Burada şu gerçeği tekrar hatırlatmak isterim. Filistin davasını savunmak sadece mazlum bir halkı savunmak değildir. Filistin'i savunmak insanlığı, barışı ve adaleti savunmaktır. Filistin davası yaklaşık bir asırdır her türlü zulme, barbarlığa ve katliama maruz kalmış bir halkın haysiyet davasıdır.
Tüm bunlarla birlikte Filistin davası özü itibarıyla insan olma, insan kalma mücadelesidir. Müslümanların yanı sıra vicdan sahibi her insanın meselesidir. Elbette bu dava bir siyasetin de ötesinde bir vicdan meselesidir. Bugün burada bulunan siz kardeşlerim aslında bunu yapıyorsunuz.
"ZULME KARŞI SUSMAYARAK TÜM İNSANLIĞA NEFES OLUYORSUNUZ"
Duruşunuzla sadece Filistin'i ve Filistin halkını değil, insanlığı ve insani değerleri de savunuyorsunuz. Zulme karşı susmayarak, baskılara boyun eğmeyerek tüm insanlığa adeta nefes oluyorsunuz.

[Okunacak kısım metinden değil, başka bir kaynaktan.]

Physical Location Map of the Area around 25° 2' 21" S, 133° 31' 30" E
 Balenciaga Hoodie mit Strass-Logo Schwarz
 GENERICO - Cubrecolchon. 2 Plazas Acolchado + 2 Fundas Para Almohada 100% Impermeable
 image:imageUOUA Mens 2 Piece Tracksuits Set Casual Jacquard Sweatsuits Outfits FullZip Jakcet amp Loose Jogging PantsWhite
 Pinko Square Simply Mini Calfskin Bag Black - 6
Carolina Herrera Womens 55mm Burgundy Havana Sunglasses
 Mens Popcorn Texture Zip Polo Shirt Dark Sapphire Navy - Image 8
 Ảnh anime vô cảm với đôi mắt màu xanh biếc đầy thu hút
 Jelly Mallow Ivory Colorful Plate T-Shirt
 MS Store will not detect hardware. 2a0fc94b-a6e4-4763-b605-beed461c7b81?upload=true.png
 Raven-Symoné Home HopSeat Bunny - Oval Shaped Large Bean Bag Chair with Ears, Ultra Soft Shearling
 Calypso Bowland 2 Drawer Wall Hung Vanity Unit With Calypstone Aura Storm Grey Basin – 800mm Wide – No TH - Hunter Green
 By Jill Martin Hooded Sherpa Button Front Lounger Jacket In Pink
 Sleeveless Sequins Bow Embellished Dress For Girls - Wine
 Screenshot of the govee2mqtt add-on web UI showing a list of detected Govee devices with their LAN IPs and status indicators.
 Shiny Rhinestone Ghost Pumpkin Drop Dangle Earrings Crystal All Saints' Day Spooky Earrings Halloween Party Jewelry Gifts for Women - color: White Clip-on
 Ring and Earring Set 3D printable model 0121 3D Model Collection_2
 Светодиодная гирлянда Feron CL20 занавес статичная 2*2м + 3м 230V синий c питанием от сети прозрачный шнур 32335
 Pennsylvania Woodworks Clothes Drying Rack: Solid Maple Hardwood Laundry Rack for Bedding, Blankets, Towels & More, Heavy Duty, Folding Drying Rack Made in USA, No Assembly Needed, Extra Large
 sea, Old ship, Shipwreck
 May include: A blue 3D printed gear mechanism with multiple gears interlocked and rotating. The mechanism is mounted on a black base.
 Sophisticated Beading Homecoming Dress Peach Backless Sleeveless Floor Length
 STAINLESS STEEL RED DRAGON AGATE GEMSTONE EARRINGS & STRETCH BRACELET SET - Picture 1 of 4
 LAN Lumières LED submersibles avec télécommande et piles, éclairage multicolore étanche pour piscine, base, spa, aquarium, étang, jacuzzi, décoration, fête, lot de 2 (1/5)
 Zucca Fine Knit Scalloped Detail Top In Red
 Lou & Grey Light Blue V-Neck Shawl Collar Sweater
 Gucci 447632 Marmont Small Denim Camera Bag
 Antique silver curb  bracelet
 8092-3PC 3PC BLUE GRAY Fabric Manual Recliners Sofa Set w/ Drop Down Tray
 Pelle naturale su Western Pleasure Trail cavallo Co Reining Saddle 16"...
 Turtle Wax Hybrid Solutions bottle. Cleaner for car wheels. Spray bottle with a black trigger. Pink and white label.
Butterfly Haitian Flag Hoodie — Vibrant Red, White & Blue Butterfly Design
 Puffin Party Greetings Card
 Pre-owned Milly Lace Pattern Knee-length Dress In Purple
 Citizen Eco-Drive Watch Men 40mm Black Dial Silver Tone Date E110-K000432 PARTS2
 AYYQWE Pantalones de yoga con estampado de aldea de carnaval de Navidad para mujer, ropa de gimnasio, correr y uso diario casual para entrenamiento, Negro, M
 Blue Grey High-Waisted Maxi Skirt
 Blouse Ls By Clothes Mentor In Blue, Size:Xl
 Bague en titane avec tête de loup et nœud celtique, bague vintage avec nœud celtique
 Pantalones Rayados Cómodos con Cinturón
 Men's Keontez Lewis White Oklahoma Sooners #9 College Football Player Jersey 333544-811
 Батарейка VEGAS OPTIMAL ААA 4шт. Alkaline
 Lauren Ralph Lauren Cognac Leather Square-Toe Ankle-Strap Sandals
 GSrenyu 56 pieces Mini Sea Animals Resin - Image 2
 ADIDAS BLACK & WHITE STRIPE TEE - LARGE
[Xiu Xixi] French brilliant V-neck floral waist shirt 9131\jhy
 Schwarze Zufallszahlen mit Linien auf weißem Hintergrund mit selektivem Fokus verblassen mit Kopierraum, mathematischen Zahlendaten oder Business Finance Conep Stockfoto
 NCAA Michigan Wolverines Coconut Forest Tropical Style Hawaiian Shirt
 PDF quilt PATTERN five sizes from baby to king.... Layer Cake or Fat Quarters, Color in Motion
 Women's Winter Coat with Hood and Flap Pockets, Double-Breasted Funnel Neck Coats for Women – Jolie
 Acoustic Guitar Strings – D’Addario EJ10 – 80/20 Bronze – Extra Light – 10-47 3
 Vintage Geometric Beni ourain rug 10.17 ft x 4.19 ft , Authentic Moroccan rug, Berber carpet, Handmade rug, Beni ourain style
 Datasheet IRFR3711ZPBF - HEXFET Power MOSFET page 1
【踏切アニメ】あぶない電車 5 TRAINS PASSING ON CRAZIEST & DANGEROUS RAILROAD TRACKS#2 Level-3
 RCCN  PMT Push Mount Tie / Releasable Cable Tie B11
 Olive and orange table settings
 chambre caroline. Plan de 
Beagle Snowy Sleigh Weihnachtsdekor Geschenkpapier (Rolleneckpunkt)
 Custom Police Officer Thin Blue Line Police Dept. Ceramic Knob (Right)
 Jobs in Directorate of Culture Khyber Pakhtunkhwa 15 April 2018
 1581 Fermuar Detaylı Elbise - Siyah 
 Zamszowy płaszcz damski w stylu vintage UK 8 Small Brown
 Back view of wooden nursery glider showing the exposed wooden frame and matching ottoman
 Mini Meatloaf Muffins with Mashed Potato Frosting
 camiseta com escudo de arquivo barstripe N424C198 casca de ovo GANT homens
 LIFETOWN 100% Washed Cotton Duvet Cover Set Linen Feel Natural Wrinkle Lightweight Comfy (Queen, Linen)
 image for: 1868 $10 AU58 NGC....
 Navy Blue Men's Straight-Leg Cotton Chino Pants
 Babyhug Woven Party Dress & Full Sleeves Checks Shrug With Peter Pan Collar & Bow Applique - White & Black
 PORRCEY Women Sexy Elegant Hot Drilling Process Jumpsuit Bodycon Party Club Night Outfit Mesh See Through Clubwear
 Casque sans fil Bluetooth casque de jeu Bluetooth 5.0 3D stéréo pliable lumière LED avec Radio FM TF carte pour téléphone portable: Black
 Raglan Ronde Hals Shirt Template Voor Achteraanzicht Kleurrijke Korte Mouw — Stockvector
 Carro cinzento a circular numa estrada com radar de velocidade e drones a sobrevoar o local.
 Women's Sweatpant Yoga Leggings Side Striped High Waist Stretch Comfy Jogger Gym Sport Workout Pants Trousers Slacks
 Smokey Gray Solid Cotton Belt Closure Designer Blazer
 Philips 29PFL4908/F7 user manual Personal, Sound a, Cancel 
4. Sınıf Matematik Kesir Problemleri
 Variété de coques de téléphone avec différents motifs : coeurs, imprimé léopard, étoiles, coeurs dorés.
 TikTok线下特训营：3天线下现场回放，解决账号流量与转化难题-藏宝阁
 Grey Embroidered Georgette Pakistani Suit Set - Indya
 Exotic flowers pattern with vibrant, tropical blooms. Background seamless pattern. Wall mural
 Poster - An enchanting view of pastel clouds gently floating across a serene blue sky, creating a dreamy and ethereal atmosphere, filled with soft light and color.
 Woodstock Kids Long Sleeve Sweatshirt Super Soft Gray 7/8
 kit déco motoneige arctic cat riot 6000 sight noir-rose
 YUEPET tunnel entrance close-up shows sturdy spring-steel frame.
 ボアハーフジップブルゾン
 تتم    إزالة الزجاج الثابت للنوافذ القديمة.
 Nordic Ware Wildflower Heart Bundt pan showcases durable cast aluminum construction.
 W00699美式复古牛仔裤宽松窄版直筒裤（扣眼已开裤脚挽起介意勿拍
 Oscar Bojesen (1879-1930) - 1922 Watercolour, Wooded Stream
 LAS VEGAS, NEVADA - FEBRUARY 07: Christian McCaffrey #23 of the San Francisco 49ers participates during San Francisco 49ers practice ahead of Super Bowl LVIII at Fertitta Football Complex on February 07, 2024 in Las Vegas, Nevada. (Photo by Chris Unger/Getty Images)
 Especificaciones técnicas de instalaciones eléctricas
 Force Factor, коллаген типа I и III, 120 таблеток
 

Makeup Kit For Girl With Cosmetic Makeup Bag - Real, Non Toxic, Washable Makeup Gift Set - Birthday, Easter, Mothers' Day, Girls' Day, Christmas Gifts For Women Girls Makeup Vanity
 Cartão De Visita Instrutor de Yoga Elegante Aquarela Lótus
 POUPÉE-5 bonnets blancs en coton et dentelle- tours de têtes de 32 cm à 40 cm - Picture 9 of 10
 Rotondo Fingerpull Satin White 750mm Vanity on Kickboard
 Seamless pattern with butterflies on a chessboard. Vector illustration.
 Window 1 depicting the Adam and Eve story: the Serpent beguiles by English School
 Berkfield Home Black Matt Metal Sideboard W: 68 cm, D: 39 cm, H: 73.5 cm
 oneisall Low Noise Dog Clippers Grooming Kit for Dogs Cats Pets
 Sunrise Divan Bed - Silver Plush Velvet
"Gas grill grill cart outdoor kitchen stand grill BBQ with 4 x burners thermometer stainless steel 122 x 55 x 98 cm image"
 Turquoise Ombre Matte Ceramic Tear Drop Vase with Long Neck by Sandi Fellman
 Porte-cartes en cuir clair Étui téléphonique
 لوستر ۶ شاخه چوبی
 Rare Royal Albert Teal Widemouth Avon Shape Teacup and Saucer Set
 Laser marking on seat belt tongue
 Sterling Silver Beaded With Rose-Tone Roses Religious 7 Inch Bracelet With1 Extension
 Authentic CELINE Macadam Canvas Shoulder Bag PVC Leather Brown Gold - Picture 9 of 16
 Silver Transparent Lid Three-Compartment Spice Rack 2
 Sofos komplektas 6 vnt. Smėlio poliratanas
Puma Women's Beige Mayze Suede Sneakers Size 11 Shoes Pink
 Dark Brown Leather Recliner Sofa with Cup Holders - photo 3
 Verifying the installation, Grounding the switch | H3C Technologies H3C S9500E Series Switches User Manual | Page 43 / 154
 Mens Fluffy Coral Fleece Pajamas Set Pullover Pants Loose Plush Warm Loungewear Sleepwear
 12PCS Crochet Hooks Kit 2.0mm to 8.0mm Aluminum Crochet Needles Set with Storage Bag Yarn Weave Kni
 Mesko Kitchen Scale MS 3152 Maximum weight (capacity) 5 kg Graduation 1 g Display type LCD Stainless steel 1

Filistin davasına verdiğiniz güçlü destek için, zor zamanda sergilediğiniz onurlu duruş için, insanlık cephesinde cesaretle yer aldığınız için her birinizi kutluyorum.
Türkiye Büyük Millet Meclisi Başkanımıza da bu anlamlı toplantıya öncülük ettiği için ayrıca teşekkür ediyorum. İnşallah bu dayanışmayı, bu birlikteliği ilelebet muhafaza edeceğiz.
"GAZZELİ KARDEŞLERİMİZ SON ASRIN EN BÜYÜK HAYDUTLUĞUYLA KARŞI KARŞIYA"
7 Ekim 2023 tarihinden bu yana Gazzeli ve Filistinli kardeşlerimiz son asrın en büyük haydutluklarından birine maruz kalıyor. İsrail hükümeti çocuk, kadın, bebek, yaşlı demeden tam bir cinnet halinde Filistinli kardeşlerimizi katlediyor.
İsrail'in vahşice öldürdüğü 60 bine yakın Filistinlinin kahir ekseriyeti kadın ve çocuk. Nüfusun yüzde 7'den fazlası ya katledildi ya da sakat bırakıldı. Sahadaki gerçekleri dünyaya aktarmak için çalışan tam 212 gazeteci infaz edildi. Önceki gün bir kadın gazeteciyi 10 kişilik ailesiyle birlikte şehit ettiler.
Yüzlerce doktor, hemşire, sağlık personeli kurşunların hedefi oldu. Yardım görevlileri öldürüldü. İlaç, su, gıda bulamadığı için bebekler göz göre göre hayatını kaybetti. Çocuğunun doğum gününü Gazzeli çocukları öldürerek kutlayacak kadar insanlıktan çıkmış bir güruhla karşı karşıya kaldık.